This repository contains Team 2's work for project 1. Each team member was assigned a hypothesis and folders are broken up accordingly to show the code. An additional folder contains the final report and presentation slides.
For Project 1, Team 2 analyzed a dataset from Kaggle. The dataset consisted of various datapoints on legal cannabis and the hypotheses developed for this study are as follows:
- Hypothesis 1: Do hybrid types have more happy effects compared to non-hybrid types?
- Hypothesis 2: Does the sweet flavor cannabis have the highest ratings?
- Hypothesis 3: Do the breeders with the highest count of unique strains have the highest average ratings?
- Hypothesis 4: Is there a significant difference in ratings by type or ratings by effects?
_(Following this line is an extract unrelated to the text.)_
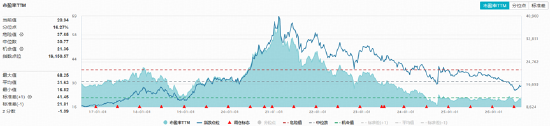 “茅五泸汾洋”集体收绿，华宝基金食品饮料ETF（515710）收跌1.16%！机构：龙头发力挺价，筑底信号或现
In light of the expanding legislation and discussions where cannabis is at the forefront, Team 2's research brought about several critical questions highlighting the multi-faceted ways where cannabis could have an impact. For example, what societal, economic, or health implications are at play when states decide to resist the legalization of cannabis? How does the dynamic between breeders and their consumers change or evolve in states where cannabis is recreationally and/or medicinally legal vs. states where it is currently up for debate? The goal of addressing these questions is to understand the various government, industry, and societal perspectives that has made cannabis use more appealing in contemporary society.
The original dataset is titled, “Cannabis Strains.” The contents contained within this particular dataset included the name, type, rating, effects, taste, and descriptions. The main goal during the data cleaning process, once the raw data was pulled, was to preserve enough information to maximize the reliability of support for the findings. Team 2 refined the data columns and extracted breeder and location information from the description section. This resulted in a robust amount of information comprised of 2,351 rows that were used to examine and interpret the validity of the hypotheses. Using the clean and final dataset as a guide, four hypotheses were generated, all serving as focal points helping to unravel the informational diversity and formulating key insights found throughout the dataset.